Alice Maud Head (3 May 1886 – 25 July 1981) was an English journalist and businesswoman. She was said to be the highest paid woman when she was editing Good Housekeeping and being William Randolph Hearst's European head.

==Life==
Head was born to very strict parents in Notting Hill in 1886. She was educated at North London Collegiate School for Girls and her mother took her to get a job as a typist on the magazine Country Life. Employed to type, she was allowed to write short articles which fell in with her ambition to be a journalist. By the age of 22 George Riddell made her the editor of Woman at Home. In 1917 she was offered a salary of £10 a week to become the editor of Nash's Magazine for William Randolph Hearst organisation.
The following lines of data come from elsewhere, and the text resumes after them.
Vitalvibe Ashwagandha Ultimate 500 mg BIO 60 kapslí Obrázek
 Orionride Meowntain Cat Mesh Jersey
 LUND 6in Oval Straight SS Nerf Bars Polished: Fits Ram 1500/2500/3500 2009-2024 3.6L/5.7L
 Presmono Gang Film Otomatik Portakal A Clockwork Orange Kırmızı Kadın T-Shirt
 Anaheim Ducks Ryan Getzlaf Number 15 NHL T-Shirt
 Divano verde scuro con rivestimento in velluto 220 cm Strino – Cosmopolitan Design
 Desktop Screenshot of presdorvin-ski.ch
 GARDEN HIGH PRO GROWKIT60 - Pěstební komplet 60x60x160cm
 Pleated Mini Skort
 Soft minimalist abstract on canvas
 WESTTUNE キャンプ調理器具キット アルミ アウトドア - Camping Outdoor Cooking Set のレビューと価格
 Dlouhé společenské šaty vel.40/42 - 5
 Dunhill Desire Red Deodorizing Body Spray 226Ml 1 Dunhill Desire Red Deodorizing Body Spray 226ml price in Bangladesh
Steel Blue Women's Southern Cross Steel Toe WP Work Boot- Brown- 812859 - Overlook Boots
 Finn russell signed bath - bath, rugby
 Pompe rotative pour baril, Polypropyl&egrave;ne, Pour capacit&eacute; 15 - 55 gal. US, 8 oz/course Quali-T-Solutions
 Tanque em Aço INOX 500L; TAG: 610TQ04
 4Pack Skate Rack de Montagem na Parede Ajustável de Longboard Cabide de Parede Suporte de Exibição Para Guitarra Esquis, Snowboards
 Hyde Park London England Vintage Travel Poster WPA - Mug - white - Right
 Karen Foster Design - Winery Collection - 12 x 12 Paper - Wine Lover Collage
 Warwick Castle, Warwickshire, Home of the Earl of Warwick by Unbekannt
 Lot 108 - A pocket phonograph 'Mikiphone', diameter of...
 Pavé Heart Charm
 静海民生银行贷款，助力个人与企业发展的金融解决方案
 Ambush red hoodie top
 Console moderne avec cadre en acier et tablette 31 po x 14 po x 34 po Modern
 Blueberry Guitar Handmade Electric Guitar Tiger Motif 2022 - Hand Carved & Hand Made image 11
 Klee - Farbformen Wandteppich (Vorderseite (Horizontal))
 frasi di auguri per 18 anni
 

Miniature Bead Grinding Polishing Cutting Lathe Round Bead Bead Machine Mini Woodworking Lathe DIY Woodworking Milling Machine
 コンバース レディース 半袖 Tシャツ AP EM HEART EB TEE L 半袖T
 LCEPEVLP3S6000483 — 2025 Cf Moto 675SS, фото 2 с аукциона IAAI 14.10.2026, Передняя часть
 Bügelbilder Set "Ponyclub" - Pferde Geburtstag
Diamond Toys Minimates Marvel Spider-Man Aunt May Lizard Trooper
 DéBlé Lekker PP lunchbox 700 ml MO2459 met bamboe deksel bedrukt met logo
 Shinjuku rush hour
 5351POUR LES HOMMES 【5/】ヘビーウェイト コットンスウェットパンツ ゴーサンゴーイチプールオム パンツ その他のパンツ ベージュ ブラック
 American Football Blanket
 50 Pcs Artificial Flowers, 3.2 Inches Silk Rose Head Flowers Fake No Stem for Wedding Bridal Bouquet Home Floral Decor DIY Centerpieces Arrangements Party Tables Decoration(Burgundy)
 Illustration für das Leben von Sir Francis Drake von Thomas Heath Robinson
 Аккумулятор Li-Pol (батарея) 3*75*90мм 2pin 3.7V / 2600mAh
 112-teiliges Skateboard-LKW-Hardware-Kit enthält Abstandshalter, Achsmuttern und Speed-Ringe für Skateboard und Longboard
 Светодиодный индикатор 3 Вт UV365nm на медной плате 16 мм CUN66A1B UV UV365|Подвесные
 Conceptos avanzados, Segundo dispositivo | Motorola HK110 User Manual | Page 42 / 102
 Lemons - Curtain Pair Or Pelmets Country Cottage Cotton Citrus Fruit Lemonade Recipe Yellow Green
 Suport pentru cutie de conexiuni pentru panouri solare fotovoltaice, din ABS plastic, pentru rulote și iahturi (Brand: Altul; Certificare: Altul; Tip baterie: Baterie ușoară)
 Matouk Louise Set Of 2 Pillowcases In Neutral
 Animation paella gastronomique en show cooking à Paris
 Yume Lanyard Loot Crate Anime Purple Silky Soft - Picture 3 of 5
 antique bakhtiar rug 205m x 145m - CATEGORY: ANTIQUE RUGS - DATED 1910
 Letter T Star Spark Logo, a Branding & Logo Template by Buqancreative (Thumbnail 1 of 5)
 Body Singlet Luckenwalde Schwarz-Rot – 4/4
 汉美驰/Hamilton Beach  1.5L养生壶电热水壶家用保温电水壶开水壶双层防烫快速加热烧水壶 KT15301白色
Head was chosen to create a version of the American Good Housekeeping magazine for the British market. Head created a number of dummy issues before she felt it was ready. In 1923 she became the assistant editor of the magazine.

Head was thrust into notability when William Randolph Hearst decided to promote Head to be the managing director of Good Housekeeping. He had never met her. She was allegedly the highest paid woman in Europe. She would deputise for Hearst making decisions on his behalf about not just editing but also buying for him St Donat's Castle, expensive art objects and three giraffes for his zoo. Head remained in charge until 1939. In 1939 she wrote her autobiography It Could Never Have Happened.

By 1941 the Hearst empire had peaked and took a new job editing Homes and Gardens. The following year she was a director of Country Life magazine. These jobs took her to her retirement in 1949. Head died at her flat in Kensington in 1981.